Animoca Brands co-founder Yat Siu said the company’s top priority for 2026 is scaling Animoca Minds into “the world’s largest artificial intelligence agent platform,” with infrastructure for agent wallets, digital identity, and stablecoin-based commerce, according to a Bloomingbit interview published April 30.
Agent Infrastructure Architecture
The platform is designed so anyone can create an agent with just an email address. Each agent comes with its own crypto wallet and can make payments and execute transactions on-chain. Siu told Bloomingbit that this structure can scale cost-efficiently even in an environment where agent counts exceed 100 billion, a scenario he described as plausible given that agents could become “more dominant users than humans.”
Animoca is also developing an identity and reputation framework for both humans and agents through Moca Network, its digital identity Web3 ecosystem. “We are designing a structure that verifies human identity to confirm who owns an agent, and then extends that to an agent’s credentials, reputation and trust,” Siu said in the interview. The system is still in early stages but positioned as foundational infrastructure for agents operating independently.
Stablecoins as Agent Payment Rails
Siu was explicit about the payment layer: “Stablecoins will become the key payment method for agent-based commerce.” Animoca has secured a Hong Kong stablecoin license through Anchorpoint, a joint venture with Standard Chartered Bank (Hong Kong) Ltd. and HKT. The company is also partnering in real-world assets (RWA) to broaden payment options for individual and institutional users, per Bloomingbit.
The argument for blockchain-native agent commerce is structural. As Korea Game Desk reported in a separate piece on Siu’s thesis, Animoca Minds agents already “hold wallets, execute on-chain transactions, and settle payments among themselves using blockchain rails, because credit cards and banks cannot handle the transaction volume” at agent scale.

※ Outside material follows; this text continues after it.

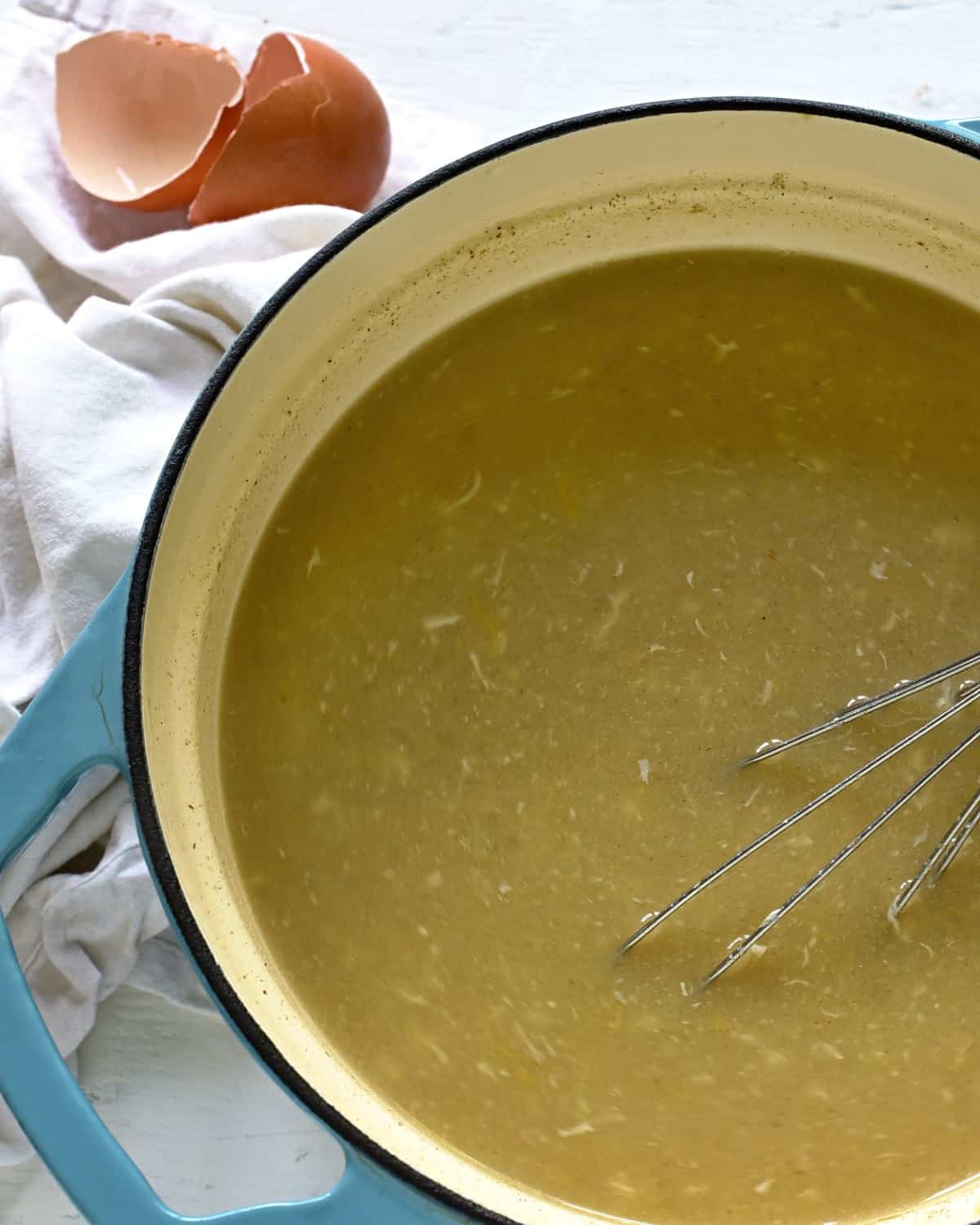 Kümmelsuppe zubereiten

The Competing Standards Question
Animoca’s approach arrives in the same week that the FIDO Alliance launched working groups with Google and Mastercard to develop cryptographic standards for agent-initiated transactions. The two efforts are philosophically distinct: FIDO/Google/Mastercard are building verification layers on top of existing payment rails, while Animoca is betting that blockchain infrastructure is the natural financial layer for machine actors because it operates natively on cryptography and smart contracts. Whether agent commerce consolidates around traditional payment standards or crypto rails remains an open question, but both camps are now building production infrastructure rather than publishing white papers.